Why is 'abuse of notation' tolerated?

I've personally tripped up on a few concepts that came down to an abuse of notation, and I've read of plenty more on stack exchange. It seems to all be forgiven with a wave of the hand. Why do we tolerate it at all?

I understand if later on in one's studies if things are assumed to be in place, but there are plenty of textbooks out there assuming certain things are known before teaching them. This is a very soft question, but I think it ought to be asked.


I doubt I could put it better than this:

"The student of mathematics has to develop a tolerance for ambiguity. Pedantry can be the enemy of insight." - Gila Hanna

I also highly recommend Terence Tao's article describing the "pre-rigorous", "rigorous", and "post-rigorous" stages of a mathematician's development.
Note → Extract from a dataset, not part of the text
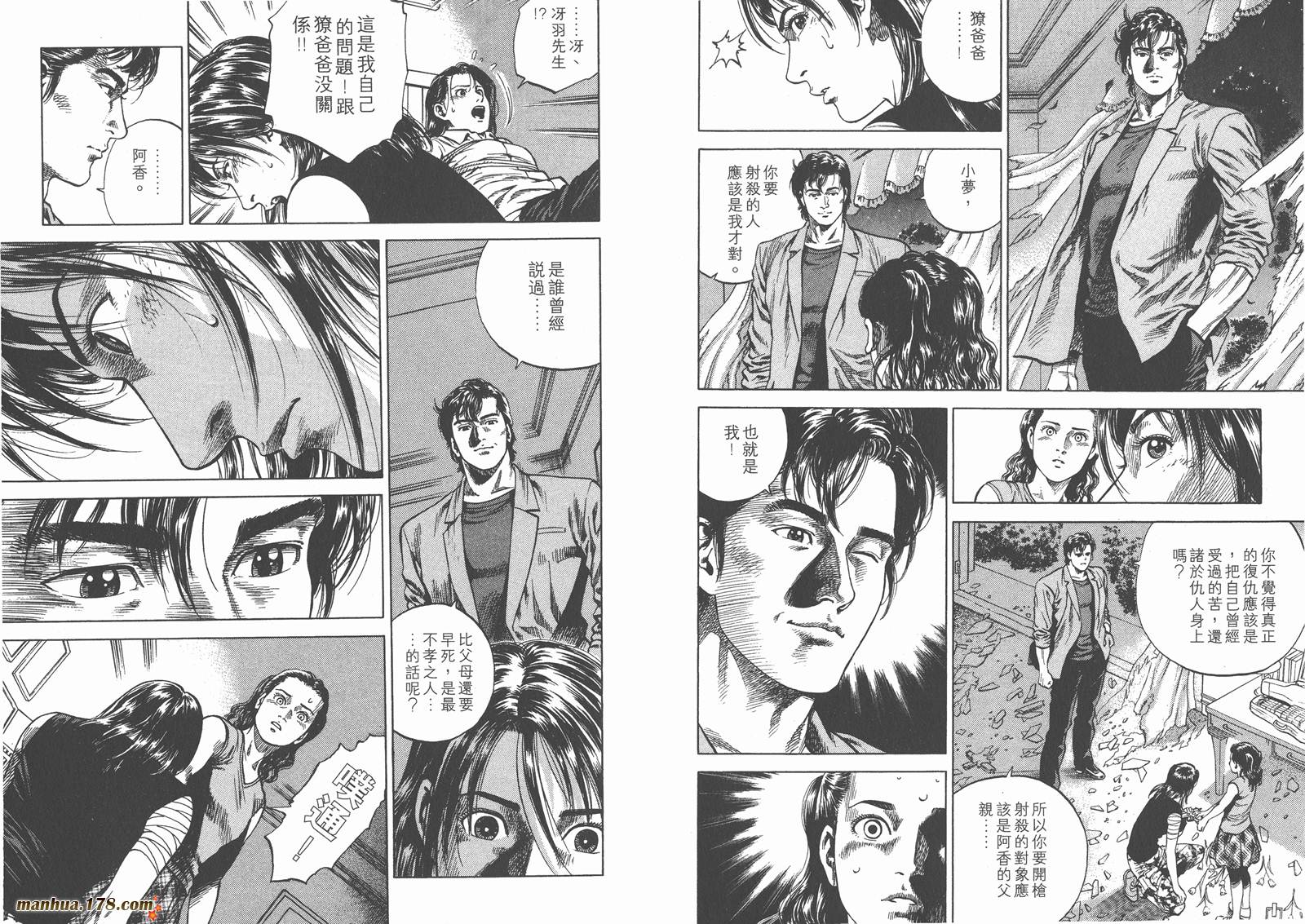 天使心 第7卷 第17页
When one writes/talks mathematics, in 99.99% of the cases the intended recipient of what one writes is a human, and humans are amazing machines: they are capable of using context, guessing, and all sorts of other information when decoding what we write/say. It is generally immensely more efficient to take advantage of this.


Since Bourbaki is rather busy and is not (yet) a member of this site, I'm posting His answer (which He preemptively wrote about 70 years ago) on His behalf:

As far as possible we have drawn attention in the text to abuse of language, without which any mathematical text runs the risk of pedantry not to say unreadability.